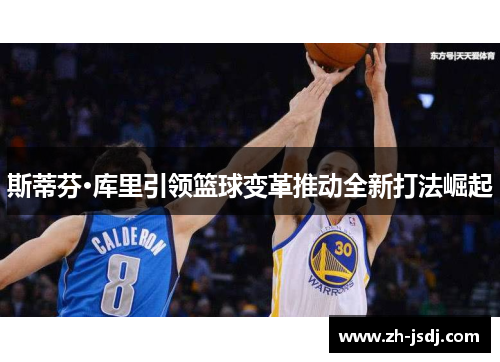 斯蒂芬·库里引领篮球变革推动全新打法崛起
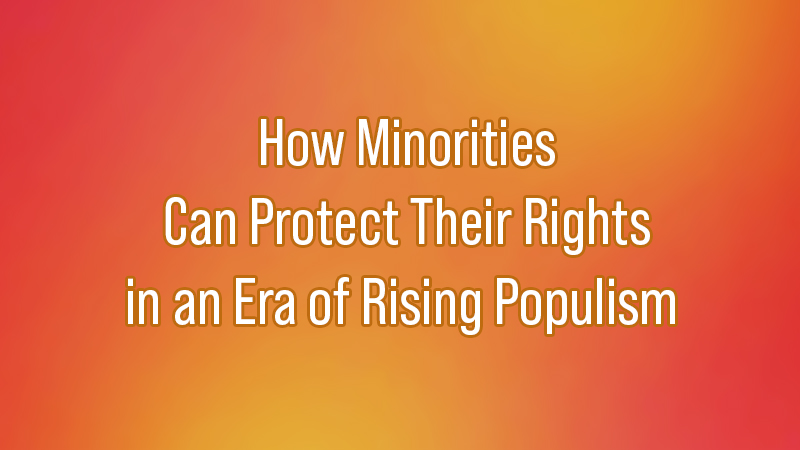 How Minorities Can Protect Their Rights in an Era of Rising Populism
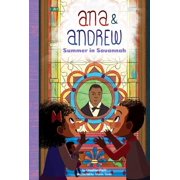 Ana & Andrew Set 1 Summer in Savannah, Hardcover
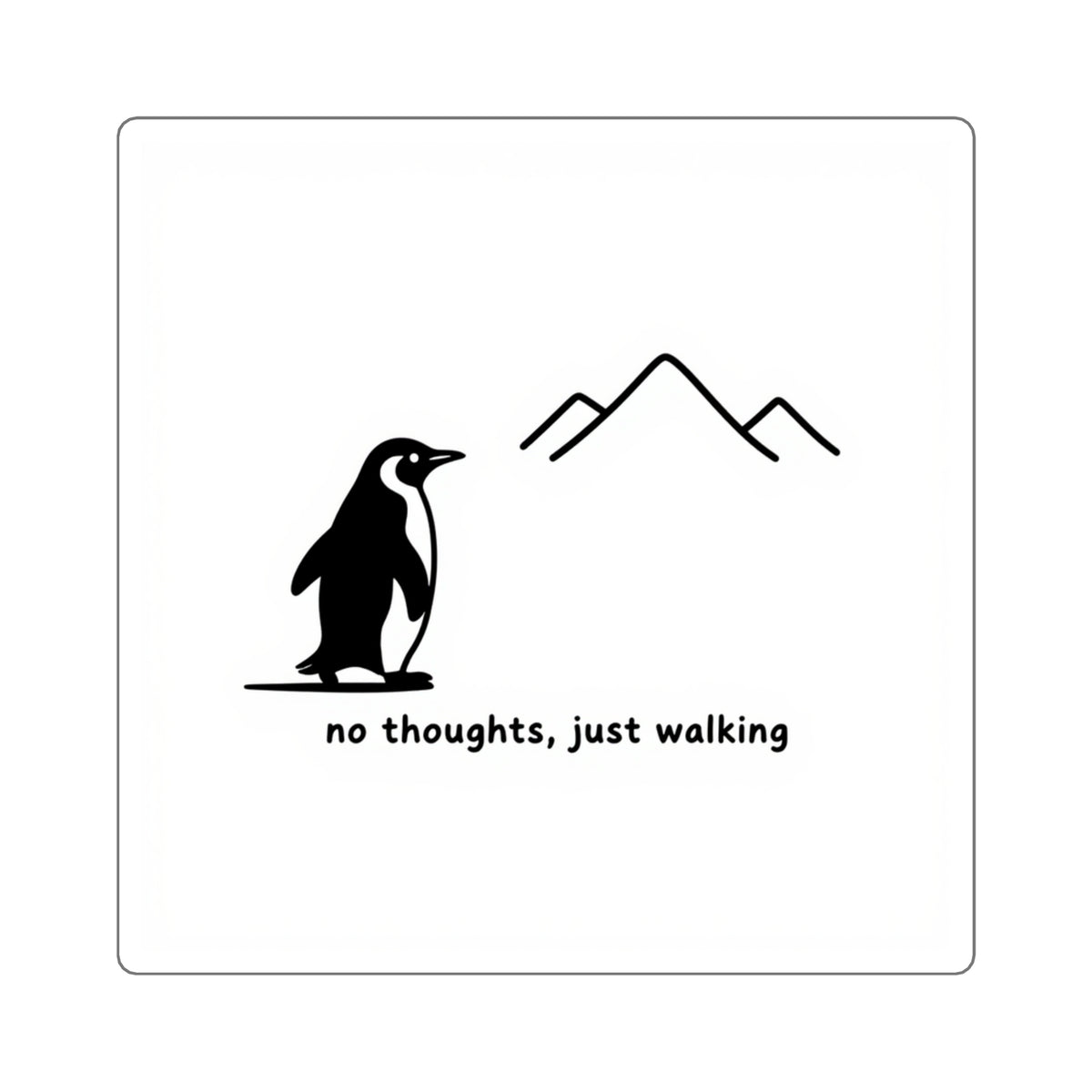 No Thoughts Just Walking Penguin Sticker - Minimalist Line Art Decal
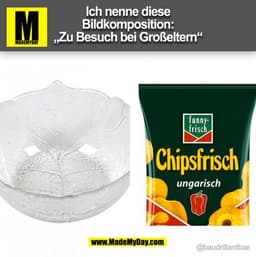 Ich nenne diese
Bildkomposition:
„Zu Besuch bei Großeltern"
Tunnyfrisch
Chipstrisch
ungarisch
@baudrillardbae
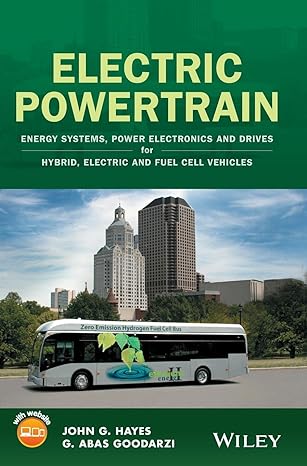 electric powertrain energy systems power electronics and drives for hybrid electric and fuel cell vehicles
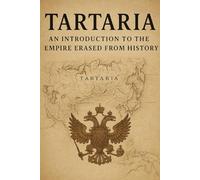 Tartaria: An Introduction to the Empire Erased from History (The Tartaria Mystery: A Guide for the Perplexed)
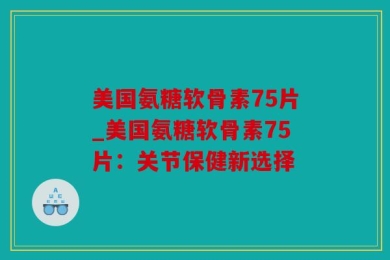 美国氨糖软骨素75片_美国氨糖软骨素75片：关节保健新选择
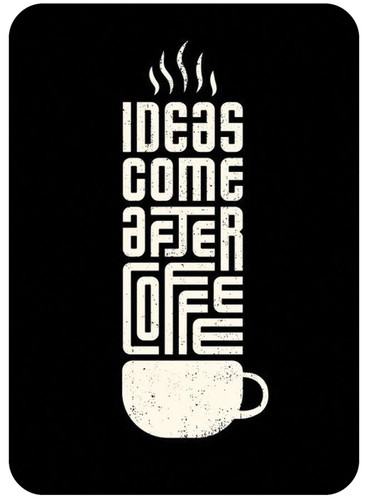 Ideas Come After Coffee.jpg
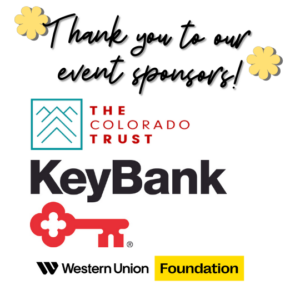 Event sponsor thank you to The Colorado Trust, KeyBank, and Western Union Foundation. 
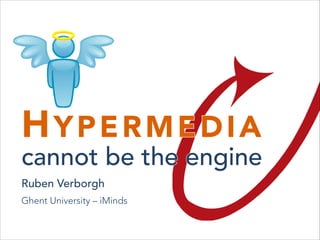 HYPERMEDIA 
cannot be the engine
HYPERMEDIA 
cannot be the engine
Ruben Verborgh 
Ghent University – iMinds
 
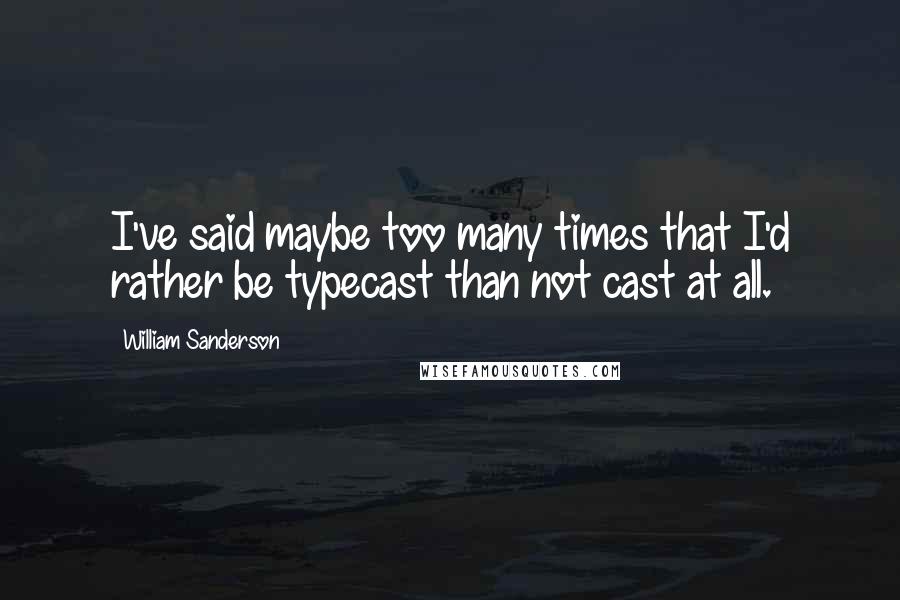 William Sanderson Quotes: I've said maybe too many times that I'd rather be typecast than not cast at all.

PROBLEM STATEMENT
Within the entries above, the lines from the one with "Ich nenne diese" through the final line are to be printed exactly, with the pictures removed.

OUTPUT BELOW
 Ich nenne diese
Bildkomposition:
„Zu Besuch bei Großeltern"
Tunnyfrisch
Chipstrisch
ungarisch
@baudrillardbae
 electric powertrain energy systems power electronics and drives for hybrid electric and fuel cell vehicles
 Tartaria: An Introduction to the Empire Erased from History (The Tartaria Mystery: A Guide for the Perplexed)
 美国氨糖软骨素75片_美国氨糖软骨素75片：关节保健新选择
 Ideas Come After Coffee.jpg
 Event sponsor thank you to The Colorado Trust, KeyBank, and Western Union Foundation. 
 HYPERMEDIA 
cannot be the engine
HYPERMEDIA 
cannot be the engine
Ruben Verborgh 
Ghent University – iMinds
 
 William Sanderson Quotes: I've said maybe too many times that I'd rather be typecast than not cast at all.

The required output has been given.